Myanmar – das Land der tausend Pagoden

Wir beginnen unsere Myanmarreise in Yangon

Um 6.30 klingelt der Wecker, wir gehen noch frühstücken und fahren dann mit dem Taxi zum Flughafen.

Mit einem kurzen Zwischenstop von 3 Stunden in Bankgok – den wir dank Priority Pass in der Lounge verbringen – geht es weiter nach Yangon. Die beiden Flüge mit Air Asia sind wie immer super. Mit ein wenig Verspätung landen wir in Yangon. Das Visum hatten wir 1 Woche vorher online beantragt und das ging alles super easy. Nach der Passkontrolle warten auch schon unsere Rucksäcke auf uns – diesmal komplett 😉 ist eben nicht Aeroflot….

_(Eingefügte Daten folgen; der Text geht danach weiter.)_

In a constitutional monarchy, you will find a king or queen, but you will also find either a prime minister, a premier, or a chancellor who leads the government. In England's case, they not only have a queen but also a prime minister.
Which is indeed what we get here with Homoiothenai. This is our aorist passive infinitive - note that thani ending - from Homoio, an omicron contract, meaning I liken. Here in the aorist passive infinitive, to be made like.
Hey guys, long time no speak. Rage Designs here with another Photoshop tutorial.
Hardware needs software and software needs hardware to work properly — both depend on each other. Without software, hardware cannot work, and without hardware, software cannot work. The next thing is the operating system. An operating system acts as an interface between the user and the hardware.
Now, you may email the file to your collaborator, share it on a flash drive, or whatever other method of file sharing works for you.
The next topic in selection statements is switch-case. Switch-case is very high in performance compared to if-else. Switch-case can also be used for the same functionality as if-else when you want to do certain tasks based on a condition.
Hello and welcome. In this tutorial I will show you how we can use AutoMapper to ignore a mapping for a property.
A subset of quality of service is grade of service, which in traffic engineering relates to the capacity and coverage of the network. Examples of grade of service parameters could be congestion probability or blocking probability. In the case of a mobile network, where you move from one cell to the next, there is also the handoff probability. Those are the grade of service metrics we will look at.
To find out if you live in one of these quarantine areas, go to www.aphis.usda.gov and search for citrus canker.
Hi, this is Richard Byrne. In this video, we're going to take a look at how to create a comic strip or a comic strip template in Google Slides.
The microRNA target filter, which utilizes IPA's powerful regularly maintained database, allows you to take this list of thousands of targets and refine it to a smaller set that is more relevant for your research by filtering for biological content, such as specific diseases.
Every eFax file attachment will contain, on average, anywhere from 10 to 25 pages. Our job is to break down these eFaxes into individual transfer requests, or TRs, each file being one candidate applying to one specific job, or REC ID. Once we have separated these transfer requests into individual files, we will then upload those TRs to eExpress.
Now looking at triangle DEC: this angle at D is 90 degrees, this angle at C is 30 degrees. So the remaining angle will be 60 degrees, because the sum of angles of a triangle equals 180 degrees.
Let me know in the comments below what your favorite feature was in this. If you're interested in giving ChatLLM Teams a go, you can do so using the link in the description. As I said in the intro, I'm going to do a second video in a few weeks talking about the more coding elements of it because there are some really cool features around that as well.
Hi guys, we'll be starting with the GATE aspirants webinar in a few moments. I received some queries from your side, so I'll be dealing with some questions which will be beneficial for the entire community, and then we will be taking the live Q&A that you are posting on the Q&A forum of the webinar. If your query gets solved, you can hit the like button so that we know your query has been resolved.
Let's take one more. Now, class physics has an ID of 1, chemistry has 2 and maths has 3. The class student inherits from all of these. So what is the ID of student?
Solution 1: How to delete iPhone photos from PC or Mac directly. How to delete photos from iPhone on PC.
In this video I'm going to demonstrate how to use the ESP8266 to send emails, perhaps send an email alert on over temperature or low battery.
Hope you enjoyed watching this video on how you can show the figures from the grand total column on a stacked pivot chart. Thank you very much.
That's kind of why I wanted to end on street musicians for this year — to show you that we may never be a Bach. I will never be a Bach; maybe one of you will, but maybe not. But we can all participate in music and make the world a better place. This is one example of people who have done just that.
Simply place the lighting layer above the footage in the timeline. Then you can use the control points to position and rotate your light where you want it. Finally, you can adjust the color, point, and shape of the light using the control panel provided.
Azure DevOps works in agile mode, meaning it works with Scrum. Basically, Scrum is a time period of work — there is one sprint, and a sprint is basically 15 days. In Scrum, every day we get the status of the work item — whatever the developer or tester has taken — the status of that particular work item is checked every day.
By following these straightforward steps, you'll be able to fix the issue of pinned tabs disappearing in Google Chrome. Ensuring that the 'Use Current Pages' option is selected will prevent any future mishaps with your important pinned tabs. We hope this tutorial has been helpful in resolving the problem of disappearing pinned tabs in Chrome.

Wir besorgen uns eine Simkarte und Geld – die restlichen Euros wollen wir tauschen, aber nur die Hälfte der Scheine werden angenommen,  da die anderen zerknickt sind :-O

Wir verlassen das Flughafengebäude und schöne warme Luft empfängt uns. Wir besorgen uns ein Taxi und fahren in ca. 1 Stunde zu unserem Hotel – Rose Garden. Ein echtes Schnäppchen haben wir da auf Agoda gemacht. Ein Top Hotel mit Blick aus dem Bett auf die Shwegadon-Pagode tollem Pool, grossem Zimmer (für uns 5) und Frühstück für knappe 60 EUR. Ich kann Euch nur empfehlen, wenn Ihr auch so spontan Bucher seit wie wir, immer mal auf Agoda vorbeizuschauen, die haben wirklich manchmal 60 % Discount.

 

Der erste Eindruck der Stadt ist ziemlich positiv (soweit man das im dunkeln beurteilen kann). Es ist super modern und richtig sauber – was ich so nicht erwartet hätte. Nachdem wir eingeckeckt haben, machen wir uns auf den Weg zum Inder um die Ecke, den wir uns vorher schon rausgesucht haben. Indien lässt uns auch hier in Myanmar nicht los 😉 aber das essen ist leider nicht ganz so lecker wie in Indien. Aber vllt. sollten wir uns auch auf das burmesische Essen konzentrieren.

Der falsche Mönch

Wir schlafen aus, gehen frühstücken und machen uns dann auf den Weg in die Stadt. Wir nehmen eines der tausend Taxis die hier in der Stadt fahren und die jedes mal einen knappen Euro kosten – fast egal wohin. Wir schauen uns die Sule Pagode an – in der ein Haar Buddahs aufbewahrt wird. Dort spricht uns ein Mönch an und führt uns im „Schnelldurchlauf“ ungefragt durch die Tempelanlage. Erzählt uns irgendwas von Santa Claus ??!!! und möchte dann nach 10 Minuten einen ziemlich hohen Geldbetrag von uns :-O ???? Hallo ??? Mönch = Geld ??? Uns wird hier noch öfters auffallen wie anders die Mönche hier sind als zum Bsp. in Thailand, Sri Lanka oder Nordindien. Während wir es nur so kennen, dass Mönche Geld noch nicht einmal anfassen dürfen, gehen hier schon die kleinsten Mönche mit einer Schüssel von Geschäft zu Geschäft und sammeln Geld. Das Geld soll wohl für den Erhalt der Kloster und Tempelanlagen dienen – hab ich gelesen.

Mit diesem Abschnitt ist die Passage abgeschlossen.